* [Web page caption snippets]
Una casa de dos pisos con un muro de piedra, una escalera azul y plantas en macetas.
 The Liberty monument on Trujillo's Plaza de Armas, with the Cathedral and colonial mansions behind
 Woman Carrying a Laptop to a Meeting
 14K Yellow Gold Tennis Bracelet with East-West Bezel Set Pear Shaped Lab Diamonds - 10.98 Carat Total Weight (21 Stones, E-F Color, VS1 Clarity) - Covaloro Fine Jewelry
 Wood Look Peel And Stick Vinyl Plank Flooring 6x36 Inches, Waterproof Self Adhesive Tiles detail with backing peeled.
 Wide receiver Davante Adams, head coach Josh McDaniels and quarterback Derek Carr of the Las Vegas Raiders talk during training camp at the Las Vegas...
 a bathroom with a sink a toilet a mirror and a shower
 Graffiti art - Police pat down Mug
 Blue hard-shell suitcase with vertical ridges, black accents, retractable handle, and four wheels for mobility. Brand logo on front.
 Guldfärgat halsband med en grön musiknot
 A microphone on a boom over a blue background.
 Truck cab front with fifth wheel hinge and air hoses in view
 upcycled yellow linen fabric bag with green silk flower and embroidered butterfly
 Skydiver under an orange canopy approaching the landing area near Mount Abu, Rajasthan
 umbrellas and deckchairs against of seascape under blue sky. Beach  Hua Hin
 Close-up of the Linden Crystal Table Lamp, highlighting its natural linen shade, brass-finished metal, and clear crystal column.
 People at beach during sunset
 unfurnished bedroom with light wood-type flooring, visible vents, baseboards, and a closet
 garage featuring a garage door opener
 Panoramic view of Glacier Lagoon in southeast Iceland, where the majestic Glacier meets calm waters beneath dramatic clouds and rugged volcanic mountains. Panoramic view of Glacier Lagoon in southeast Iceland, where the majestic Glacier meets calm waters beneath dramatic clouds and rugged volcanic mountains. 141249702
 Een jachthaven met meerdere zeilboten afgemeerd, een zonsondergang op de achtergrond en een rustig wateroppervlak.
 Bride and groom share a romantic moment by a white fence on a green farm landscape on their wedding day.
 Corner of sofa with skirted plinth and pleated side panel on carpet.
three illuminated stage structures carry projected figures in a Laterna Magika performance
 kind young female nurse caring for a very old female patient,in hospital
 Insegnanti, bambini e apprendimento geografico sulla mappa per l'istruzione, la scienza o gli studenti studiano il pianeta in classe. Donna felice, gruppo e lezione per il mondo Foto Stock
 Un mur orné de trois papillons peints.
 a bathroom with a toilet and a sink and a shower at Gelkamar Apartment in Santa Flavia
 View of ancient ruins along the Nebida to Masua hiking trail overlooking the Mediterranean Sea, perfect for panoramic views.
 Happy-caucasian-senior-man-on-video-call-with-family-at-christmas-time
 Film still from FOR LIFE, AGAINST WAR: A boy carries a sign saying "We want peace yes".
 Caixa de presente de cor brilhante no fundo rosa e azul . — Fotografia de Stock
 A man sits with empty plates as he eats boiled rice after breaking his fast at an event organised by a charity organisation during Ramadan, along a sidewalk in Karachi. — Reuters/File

* [EXERCISE DESCRIPTION] A complete answer reproduces every line of the records in which the word "toilet" occurs.

* [RESULT FOR THIS TASK]
 a bathroom with a sink a toilet a mirror and a shower
 a bathroom with a toilet and a sink and a shower at Gelkamar Apartment in Santa Flavia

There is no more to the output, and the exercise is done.